Gaming is different things to different people: some want to role-play as someone else; some want to be a better version of themselves; some people just want to swing an axe. But what sets gaming apart from books and movies is that the player has a hand in creation: we get to decide which of those things to be. And getting to write our own stories is pretty powerful.
I loved Neverwinter so much that I branched out into other genres of games, everything from Bejeweled to finally turning on that racing game I can’t remember. The combination of heartfelt storytelling and having the chance to make a story my own drew me into the gaming world, and I haven’t left it since.
Comments
11 responses to “Neverwinter Nights Made Me Love Games”
Lady Aribeth; I was so torn by her decisions during that campaign. Character creation was fun and I think the first time I played a character with an alignment (I think I played a rogue). Good times….
I got really confused at the part where it says they couldn’t afford games but already had a computer.
I would imagine that a computer is more of a mandatory purchase in 2001 than a game console.
If you wanted access to the internet or office it was a must have.
When I was young, my family had a computer because it was useful in other things, word processing, communicating with relatives overseas etc.
I couldn’t afford any games to put on it…I lived off demo discs for years. GTA and its 5 minute demo was the greatest ^_^
Spent 4 years DMing an NWN2 PW. Still not sure if it was time wasted or well spent.
THEY’VE FREED THE YUAN’TI
No! I must escape!
Loved nwn.
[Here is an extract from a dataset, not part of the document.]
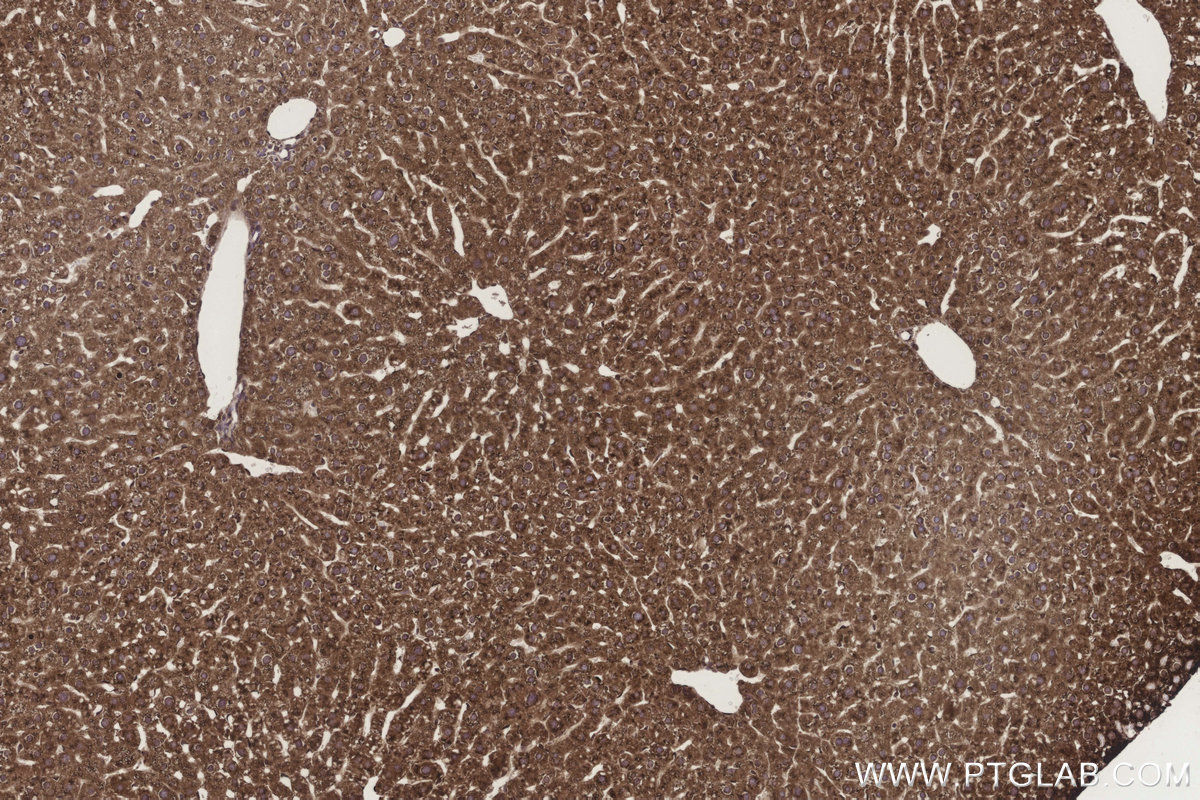 IHC staining of mouse liver using 17001-1-AP IHC staining of mouse liver using 17001-1-AP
The grass which moved, the dripping poison sword, the awesome online role-play servers.
Great times.
The grass that moved blew my mind, and severely taxed my beloved mx400
Unfortunately never had real access to a PC or this kind of game at the time, but man it looks and sounds fantastic. Makes sense too, coming from Bioware pre ME and DA. If I had the kind of time to go back and play this kind of game, I think I’d really like to.
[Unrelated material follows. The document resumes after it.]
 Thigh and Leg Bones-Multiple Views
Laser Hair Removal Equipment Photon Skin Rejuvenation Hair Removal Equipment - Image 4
I’ve just remembered I loved this game but never finished it – somewhere I have a save just outside the final boss battle.
Since the Gamespy shutdown amd NWNvault was taken offline, NWN’s multiplayer servers suffered a bit but they are still quite active.
There are Roleplay servers where you can actually play as your characters alongside other players.
They use completely custom content and exceed even the campaign in the level of detail and systems they implement. You can play as anything from a classic adventurer to the retainer of a noble house or or leader of a criminal organization, hell anything yoy want really. I spent alot of time as a city guard where I could arrest players, break up fights and defend the city from regular orc attacks (that were triggered if another group of players completed a certain quest).
I spent years playing on them back in the day and while these days I haven’t much time to return to my old stomping ground they are worth a look even now. Google City of Arabel or Escape from Uncertainty, honestly the community and level of custom content surrounding NWN is something I’ve yet to see repeated.
Tldr: Think of the closest video game version of Pen and Paper Dungeons and Dragons, its NWN online.
I still play NWN on Arelith. RP server. This is by far my favorite game of… ever. Its pretty hard to compete with Final Fantasy games, but this is the only game that i can keep coming back to time after time and still love.
In fact, this game has spoiled all other RPGs for me in that i compare them to this, and then ultimately am let down by, and return to playing NWN.